▶ **WHAT IS REQUIRED**:
Repeat all of the records word for word, but skip any picture.

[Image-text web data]
--- START ---

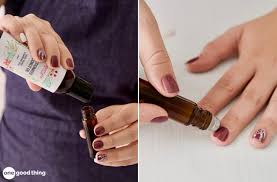 Lemony flutter stinks and doesn't do much for me. How To Make Cuticle Oil For Stronger Nails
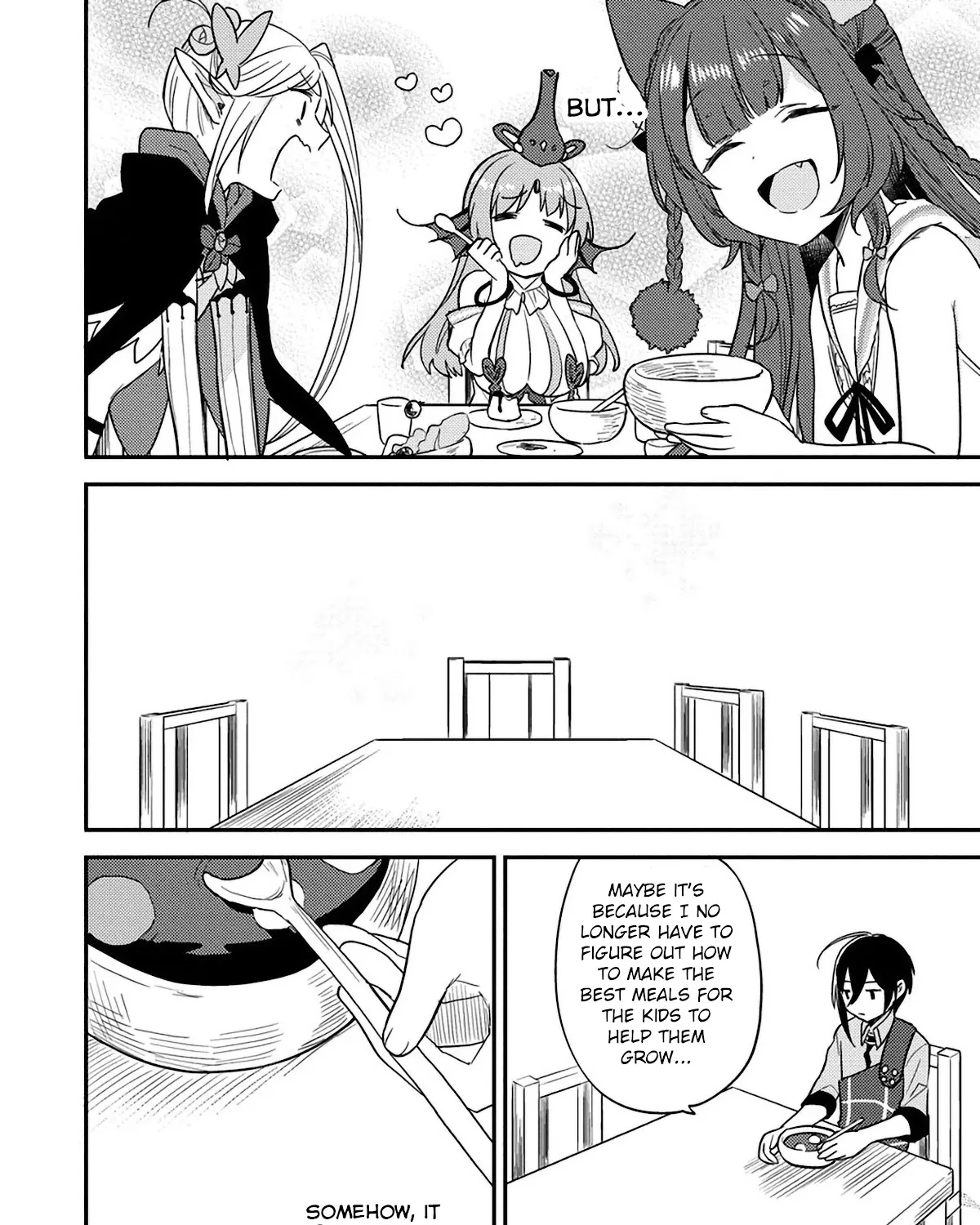 Isekai de Kojiin wo Hiraitakedo, nazeka Darehitori Sudatou to Shinai Ken Chapter 35 page 28 - 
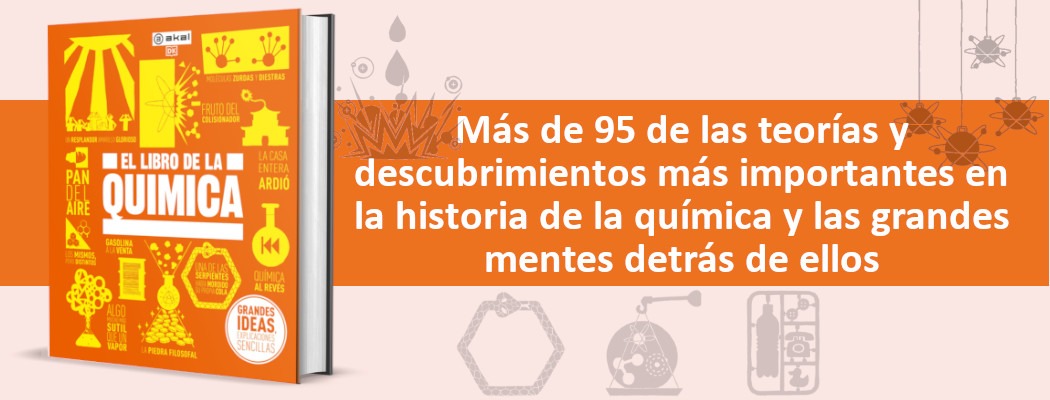 El libro de la química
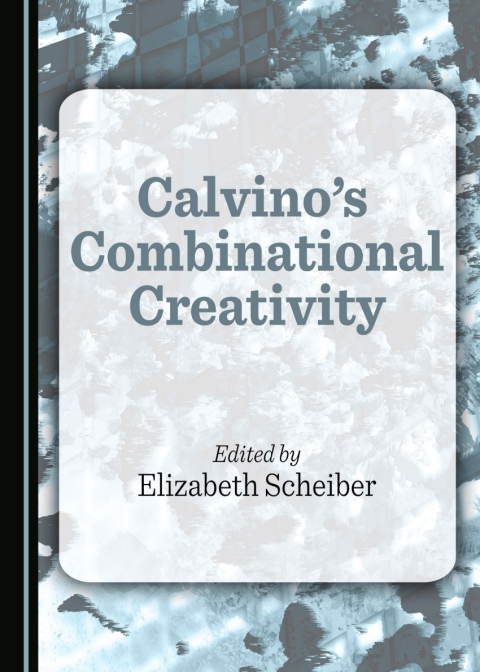 Cover image for book Calvino's Combinational Creativity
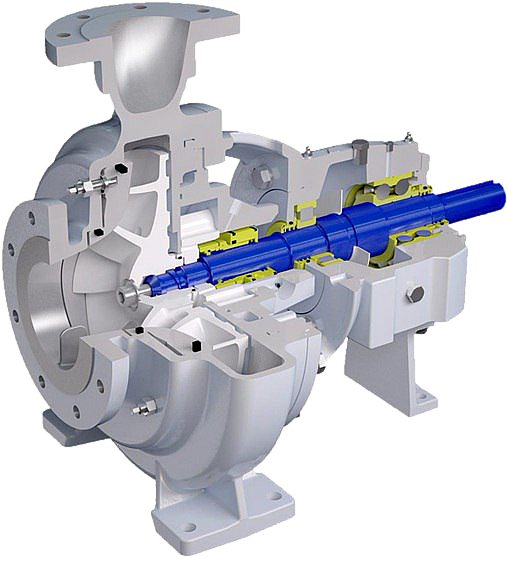 Центробежные насосы и агрегаты  АНГН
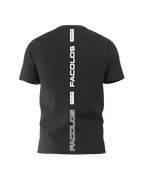 Áo Thi Đấu Pickleball Facolos T-Shirt Chính Hãng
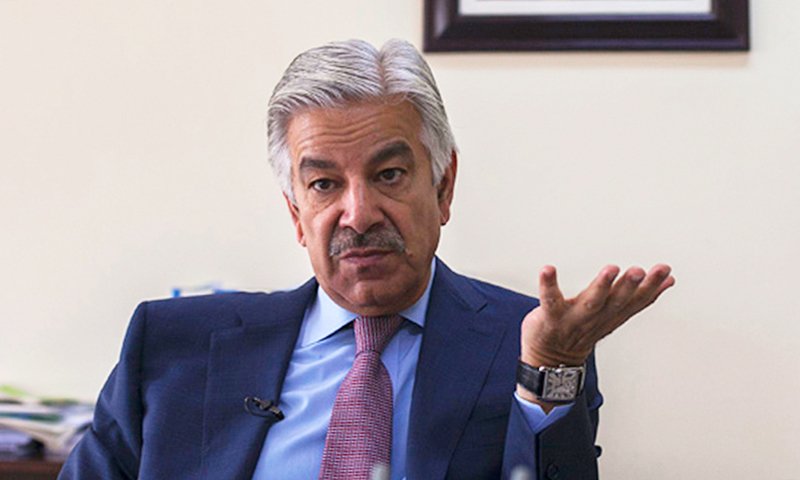 pakistan muslim league nawaz leader khawaja asif photo reuters file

--- END ---

▶ **ANSWER TO THE PROBLEM**:
 Lemony flutter stinks and doesn't do much for me. How To Make Cuticle Oil For Stronger Nails
 Isekai de Kojiin wo Hiraitakedo, nazeka Darehitori Sudatou to Shinai Ken Chapter 35 page 28 - 
 El libro de la química
 Cover image for book Calvino's Combinational Creativity
 Центробежные насосы и агрегаты  АНГН
 Áo Thi Đấu Pickleball Facolos T-Shirt Chính Hãng
 pakistan muslim league nawaz leader khawaja asif photo reuters file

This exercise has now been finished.